The data section start
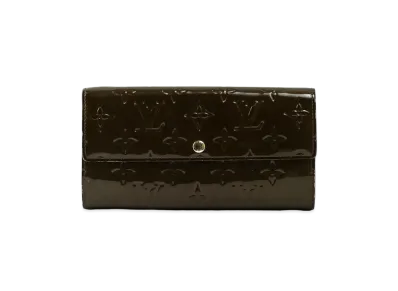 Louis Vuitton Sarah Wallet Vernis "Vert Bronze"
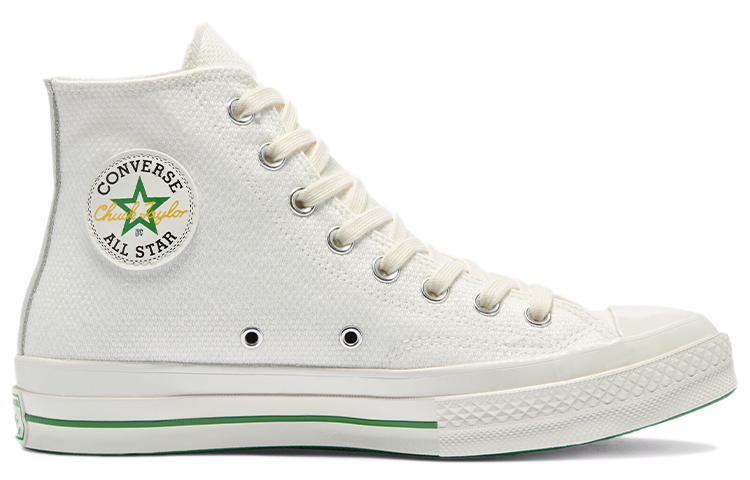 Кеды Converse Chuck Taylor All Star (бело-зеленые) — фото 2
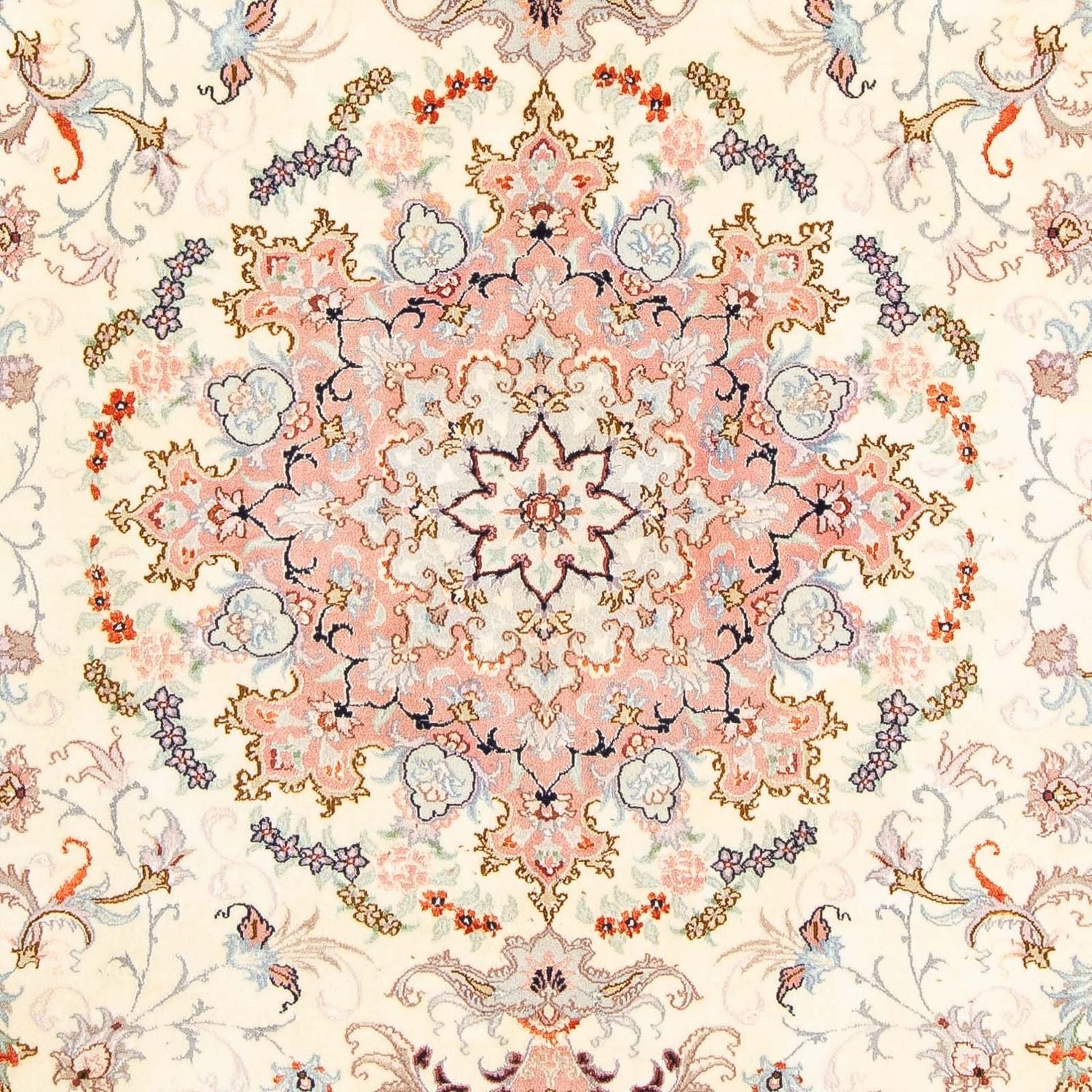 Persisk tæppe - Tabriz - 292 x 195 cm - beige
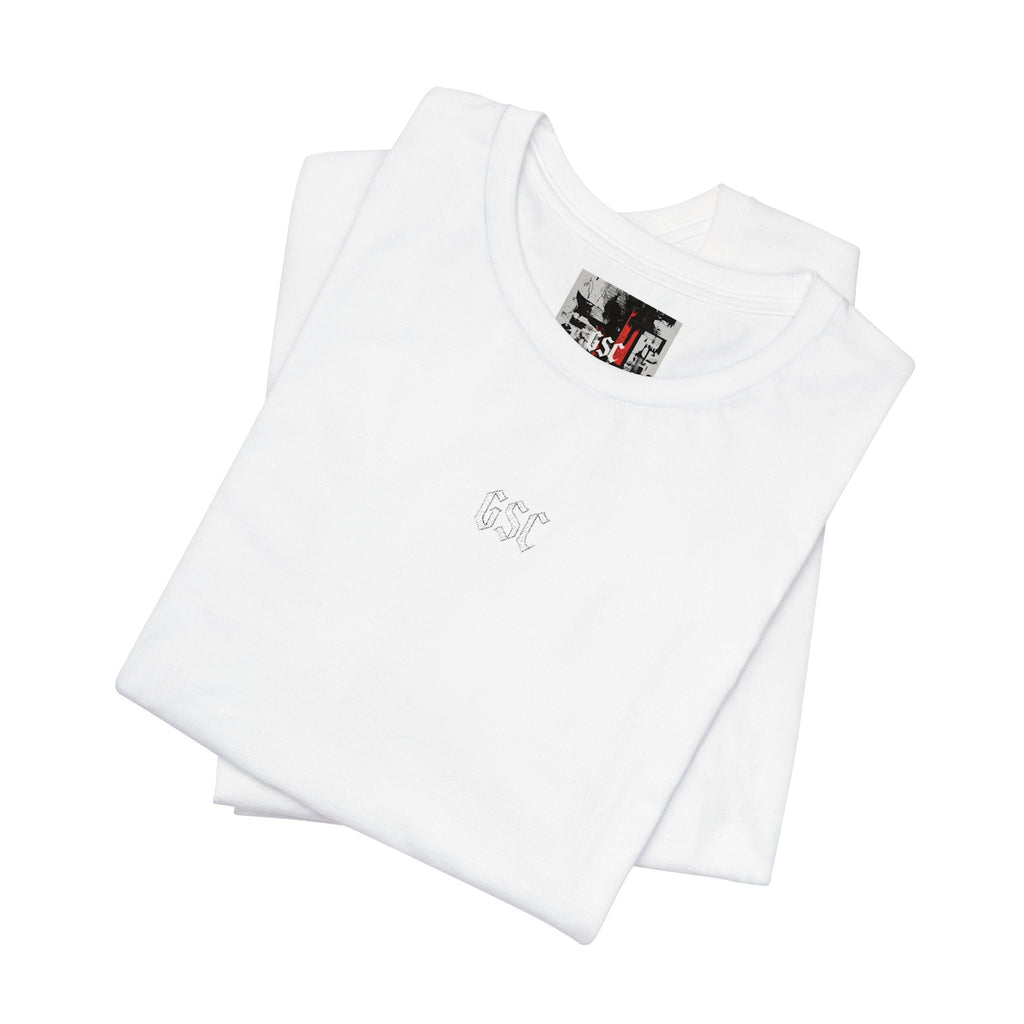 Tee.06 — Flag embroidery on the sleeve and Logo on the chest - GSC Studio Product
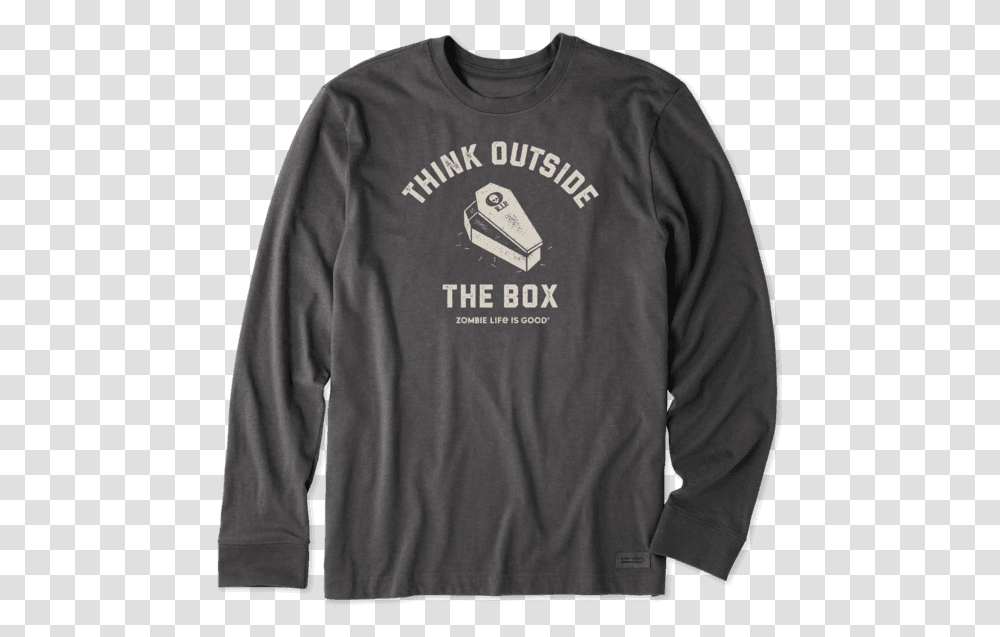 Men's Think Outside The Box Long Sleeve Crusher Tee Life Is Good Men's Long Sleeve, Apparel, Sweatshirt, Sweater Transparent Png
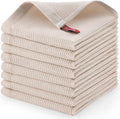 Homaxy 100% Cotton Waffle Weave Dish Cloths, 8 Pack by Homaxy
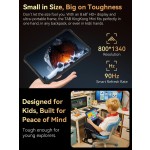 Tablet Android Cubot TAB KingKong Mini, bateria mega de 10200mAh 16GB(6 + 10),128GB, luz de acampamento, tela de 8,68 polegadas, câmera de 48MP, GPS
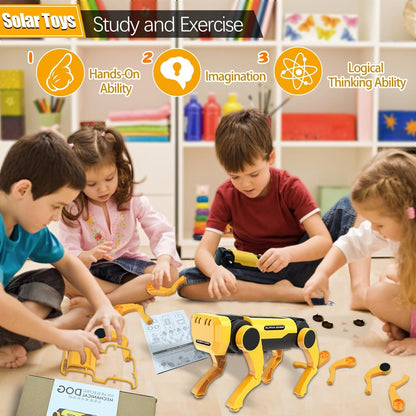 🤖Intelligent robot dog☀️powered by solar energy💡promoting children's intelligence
The data section end
Work order — Transcribe the entries word for word, without their pictures.

Response to this exercise —
 Louis Vuitton Sarah Wallet Vernis "Vert Bronze"
 Кеды Converse Chuck Taylor All Star (бело-зеленые) — фото 2
 Persisk tæppe - Tabriz - 292 x 195 cm - beige
 Tee.06 — Flag embroidery on the sleeve and Logo on the chest - GSC Studio Product
 Men's Think Outside The Box Long Sleeve Crusher Tee Life Is Good Men's Long Sleeve, Apparel, Sweatshirt, Sweater Transparent Png
 Homaxy 100% Cotton Waffle Weave Dish Cloths, 8 Pack by Homaxy
 Tablet Android Cubot TAB KingKong Mini, bateria mega de 10200mAh 16GB(6 + 10),128GB, luz de acampamento, tela de 8,68 polegadas, câmera de 48MP, GPS
 🤖Intelligent robot dog☀️powered by solar energy💡promoting children's intelligence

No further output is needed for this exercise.